The current American Rabbit Breeders Association (ARBA) Standard of Perfection calls for a 3 part frontal alternation. The ears are two different colors. The face splits into two colors, which alternate with the ears. The chest and front legs split into two colors, which alternate with the face and match the ears. The hind feet should alternate with the front feet. Ideally there should be 5-7 body markings. The body markings are either bars (half circle of color that runs vertically down the side), bands (unbroken circle of color), or a combination of the two. Disqualifications include a lack of defined split of color down the center of the face, Dutch-like markings, and white spots or white nails on the Japanese varieties. White eye rings, undersides/bellies, bottom of cheeks and feet are permitted in Japanese Harlequins. Any white spots are not noticeable in Magpies, as the orange is completely replaced with white, blending any white spotting. This may cause white spots to pop up when breeding Magpies to Japanese.

When showing, the Japanese and Magpies are shown as two different groups, (and four different classes: senior bucks, senior does, junior bucks, junior does) then the best and best opposite of those groups are shown against each other for best and best opposite of breed. Best opposite is always the opposite sex of the best. The four varieties of each color used to be shown individually (for a total of eight varieties) but this was found too time consuming, hence the change into groups.

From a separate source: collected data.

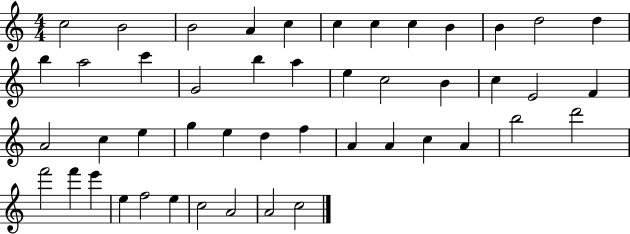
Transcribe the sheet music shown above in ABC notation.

X:1
T:Untitled
M:4/4
L:1/4
K:C
c2 B2 B2 A c c c c B B d2 d b a2 c' G2 b a e c2 B c E2 F A2 c e g e d f A A c A b2 d'2 f'2 f' e' e f2 e c2 A2 A2 c2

It is debatable whether "Harlequin" is not a breed of rabbit, but a color type, or a breed of rabbit with that color scheme. The Harlequin markings do occur in other breeds, but the ARBA does not recognize it as showable in other breeds besides the Harlequin breed.

It was developed from semi-wild Tortoiseshell Dutch rabbits. Originally it looked like a badly marked Dutch rabbit. The origins in the Dutch breed may cause white spotting in the Japanese varieties, which is a disqualification. The average life span for the Harlequin rabbit is 5 years or more. The Harlequin was first exhibited in Paris in 1887. They were then imported into England a few years later. Harlequins were used for meat during World War II. Harlequins are nicknamed “the clown of the rabbits” and “the royal jester” because of the color separations and markings.